The purpose in this section of Hebrews is to provide us with a foundation of truth regarding how we are freed from the condition we were in before we were called, converted, and made Christians and part of God's Family. Hebrews 2:9-11 adds key information to clarify our understanding:
But we see Jesus, who was made a little lower than the angels, for the suffering of death crowned with glory and honor, that He by the grace of God might taste death for everyone. For it was fitting for Him for whom are all things and by whom are all things, in bringing many sons to glory, to make the captain of their salvation perfect through sufferings. For both He who sanctifies and those who are being sanctified are all of one, for which reason He is not ashamed to call them brethren.

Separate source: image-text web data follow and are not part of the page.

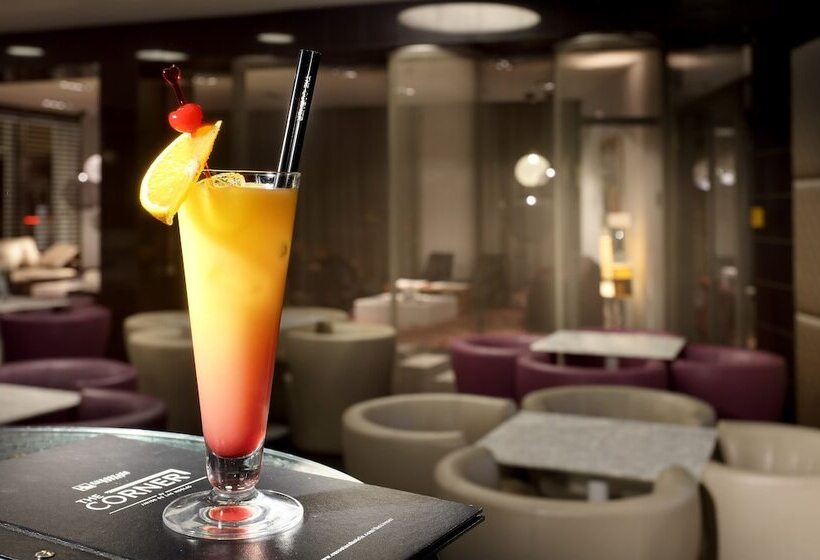 هتل Eurostars Grand Central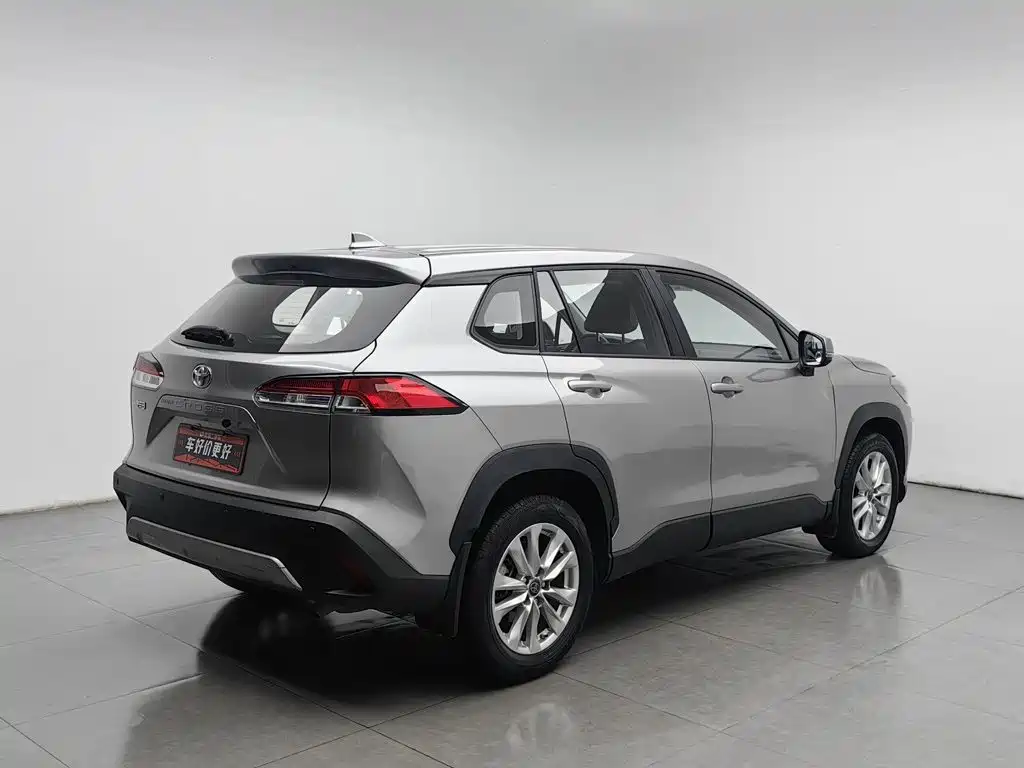 Toyota Corolla Cross — фото 2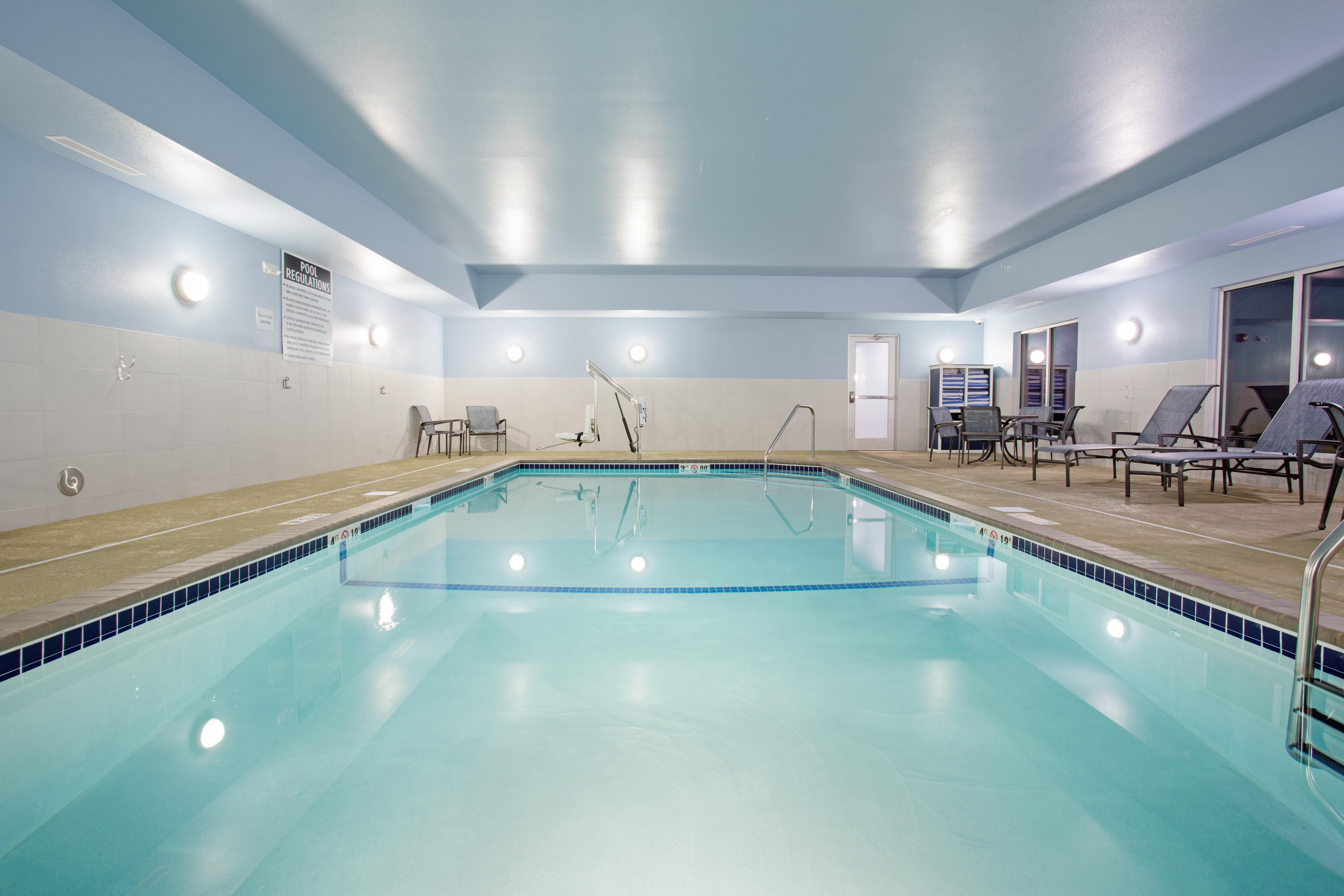 Holiday Inn Express & Suites Lincoln I - 80 By Ihg Exteriér fotografie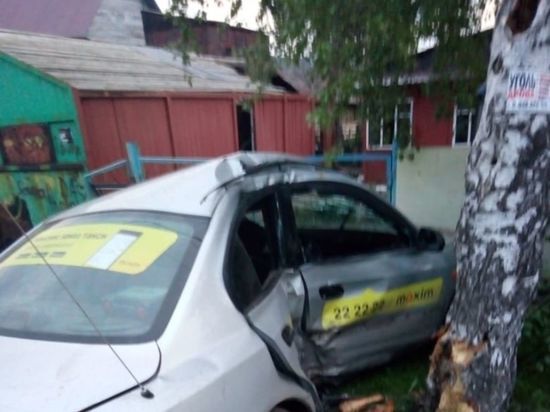 Кемеровский рецидивист отобрал машину у таксиста и врезался в дерево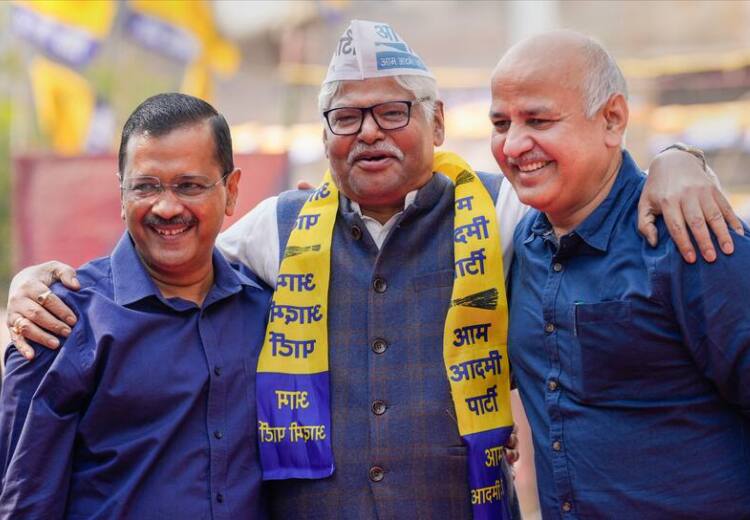 MCD चुनाव से ठीक पहले AAP में शामिल हुए महाबल मिश्रा, कहा- कांग्रेस को जमीनी कार्यकर्ता की पहचान नहीं Senior Congress leader Mahabal Mishra joins AAP before MCD elections ANN MCD चुनाव से ठीक पहले AAP में शामिल हुए महाबल मिश्रा, कहा- कांग्रेस को जमीनी कार्यकर्ता की पहचान नहीं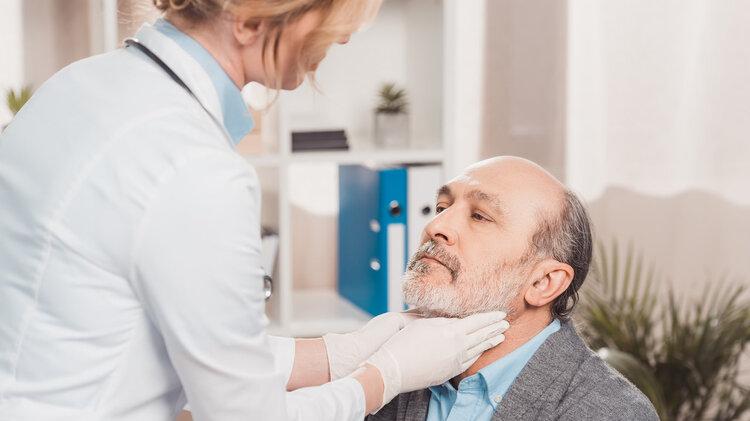 45岁男子患上口咽癌，与HPV感染有关，自述：原因有点难以启齿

These verses introduce the solution. Jesus is the means by which we, the many sons, are made perfect, that is, brought to completion and made free from this bondage imposed on us. Our Creator had to first become completely identified with us: human. This is important because Jesus is the means by which we are not only made free and holy at the beginning of our conversion, but this same One also keeps us free throughout our conversion. Those who are truly holy by God's standard are those who will escape death.
This holiness or sanctification is not a static, unchanging state but a growing, lifelong, continually forming one. It is helpful to be reminded of John 8:31-36, which concludes with the statement that "if the Son makes you free, you shall be free indeed."
The Son sets us free. However, a key element pinpointing our responsibility in this relationship is the word abide, mentioned by Christ in John 8:35: “And a slave does not abide in the house forever, but a son abides forever.” It means “to live,” “to continue,” “to go on.” We must recall Romans 5:10 and be very thankful: “For if when we were enemies we were reconciled to God through the death of His Son, much more, having been reconciled, we shall be saved by His life.” This truth confirms that we are saved by His life, that is, He is our living High Priest. “I will never leave nor forsake you,” He declares (Hebrews 13:5).
Our responsibility, then, is to continue being faithful to Christ, striving to overcome sin, and as this occurs, He, as our High Priest, continues to keep us free from backsliding into Satan's bondage. Thus, the work of Christ makes us one with Him and keeps us one with Him.
The author of Hebrews is stating that Jesus, our Savior, and His brothers and sisters all now belong to the same Family. Remember that Jesus, in order to be identified completely with us, became a mortal man, but He, by living a sinless life, escaped the mandatory death penalty. Because of God's calling and faith, we are now linked with Him spiritually and can look forward to everlasting life.
Hebrews 2:14 is saying that in order for us to be freed from bondage to Satan and the fear of death, Christ had to become human and able to die because “the wages of sin is death” (Romans 6:23). Thus, nothing less than the death of our sinless Creator, living as a man, could suffice for us to be freed from the death penalty by means of His substitutionary death on the cross. God paid a huge price for our freedom from the fear of death.
This was not His only great accomplishment. He also lived sinlessly, and in doing so defeated Satan, who has the power of death, as he lost the struggle to induce Jesus, the second Adam, the beginning of the new creation, to sin. The Adversary had won this struggle over Adam and Eve and all their children, but Jesus took the weapon of death from Satan's hands. Because we are one with Christ, that weapon no longer hangs over us.